==== EXERCISE INPUT ====
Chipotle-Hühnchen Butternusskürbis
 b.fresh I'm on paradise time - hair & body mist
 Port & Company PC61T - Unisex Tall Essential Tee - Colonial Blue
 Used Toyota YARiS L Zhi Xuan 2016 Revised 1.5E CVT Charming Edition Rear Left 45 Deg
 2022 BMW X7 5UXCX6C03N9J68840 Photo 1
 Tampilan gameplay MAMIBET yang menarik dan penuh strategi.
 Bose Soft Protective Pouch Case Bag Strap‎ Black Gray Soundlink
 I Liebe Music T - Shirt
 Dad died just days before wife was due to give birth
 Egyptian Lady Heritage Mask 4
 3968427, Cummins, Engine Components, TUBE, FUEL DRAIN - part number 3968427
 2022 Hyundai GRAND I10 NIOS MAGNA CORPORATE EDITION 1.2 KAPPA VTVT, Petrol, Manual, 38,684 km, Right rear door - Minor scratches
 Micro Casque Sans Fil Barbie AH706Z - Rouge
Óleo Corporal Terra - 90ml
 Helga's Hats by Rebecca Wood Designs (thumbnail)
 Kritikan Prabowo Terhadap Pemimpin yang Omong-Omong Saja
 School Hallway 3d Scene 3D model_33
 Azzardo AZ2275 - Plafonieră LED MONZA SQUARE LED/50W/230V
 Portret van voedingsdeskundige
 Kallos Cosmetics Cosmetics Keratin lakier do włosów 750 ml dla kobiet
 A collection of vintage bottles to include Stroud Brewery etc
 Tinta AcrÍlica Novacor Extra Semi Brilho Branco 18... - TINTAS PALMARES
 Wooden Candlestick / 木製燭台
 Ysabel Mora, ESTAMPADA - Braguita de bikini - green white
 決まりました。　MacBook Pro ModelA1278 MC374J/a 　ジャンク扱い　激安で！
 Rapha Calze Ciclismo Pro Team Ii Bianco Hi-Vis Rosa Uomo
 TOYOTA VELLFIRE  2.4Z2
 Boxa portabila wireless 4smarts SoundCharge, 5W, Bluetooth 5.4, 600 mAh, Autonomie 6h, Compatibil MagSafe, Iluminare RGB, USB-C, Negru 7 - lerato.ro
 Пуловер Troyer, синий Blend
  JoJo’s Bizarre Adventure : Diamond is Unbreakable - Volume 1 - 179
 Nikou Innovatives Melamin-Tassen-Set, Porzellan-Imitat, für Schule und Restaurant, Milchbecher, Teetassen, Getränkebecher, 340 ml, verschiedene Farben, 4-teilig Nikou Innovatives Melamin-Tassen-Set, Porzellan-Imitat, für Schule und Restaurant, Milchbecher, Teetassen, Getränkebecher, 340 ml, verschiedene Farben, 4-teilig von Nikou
====
> _TASK BRIEF_:
Every line above must be repeated exactly as it appears.

> _TASK SOLUTION_:
Chipotle-Hühnchen Butternusskürbis
 b.fresh I'm on paradise time - hair & body mist
 Port & Company PC61T - Unisex Tall Essential Tee - Colonial Blue
 Used Toyota YARiS L Zhi Xuan 2016 Revised 1.5E CVT Charming Edition Rear Left 45 Deg
 2022 BMW X7 5UXCX6C03N9J68840 Photo 1
 Tampilan gameplay MAMIBET yang menarik dan penuh strategi.
 Bose Soft Protective Pouch Case Bag Strap‎ Black Gray Soundlink
 I Liebe Music T - Shirt
 Dad died just days before wife was due to give birth
 Egyptian Lady Heritage Mask 4
 3968427, Cummins, Engine Components, TUBE, FUEL DRAIN - part number 3968427
 2022 Hyundai GRAND I10 NIOS MAGNA CORPORATE EDITION 1.2 KAPPA VTVT, Petrol, Manual, 38,684 km, Right rear door - Minor scratches
 Micro Casque Sans Fil Barbie AH706Z - Rouge
Óleo Corporal Terra - 90ml
 Helga's Hats by Rebecca Wood Designs (thumbnail)
 Kritikan Prabowo Terhadap Pemimpin yang Omong-Omong Saja
 School Hallway 3d Scene 3D model_33
 Azzardo AZ2275 - Plafonieră LED MONZA SQUARE LED/50W/230V
 Portret van voedingsdeskundige
 Kallos Cosmetics Cosmetics Keratin lakier do włosów 750 ml dla kobiet
 A collection of vintage bottles to include Stroud Brewery etc
 Tinta AcrÍlica Novacor Extra Semi Brilho Branco 18... - TINTAS PALMARES
 Wooden Candlestick / 木製燭台
 Ysabel Mora, ESTAMPADA - Braguita de bikini - green white
 決まりました。　MacBook Pro ModelA1278 MC374J/a 　ジャンク扱い　激安で！
 Rapha Calze Ciclismo Pro Team Ii Bianco Hi-Vis Rosa Uomo
 TOYOTA VELLFIRE  2.4Z2
 Boxa portabila wireless 4smarts SoundCharge, 5W, Bluetooth 5.4, 600 mAh, Autonomie 6h, Compatibil MagSafe, Iluminare RGB, USB-C, Negru 7 - lerato.ro
 Пуловер Troyer, синий Blend
  JoJo’s Bizarre Adventure : Diamond is Unbreakable - Volume 1 - 179
 Nikou Innovatives Melamin-Tassen-Set, Porzellan-Imitat, für Schule und Restaurant, Milchbecher, Teetassen, Getränkebecher, 340 ml, verschiedene Farben, 4-teilig Nikou Innovatives Melamin-Tassen-Set, Porzellan-Imitat, für Schule und Restaurant, Milchbecher, Teetassen, Getränkebecher, 340 ml, verschiedene Farben, 4-teilig von Nikou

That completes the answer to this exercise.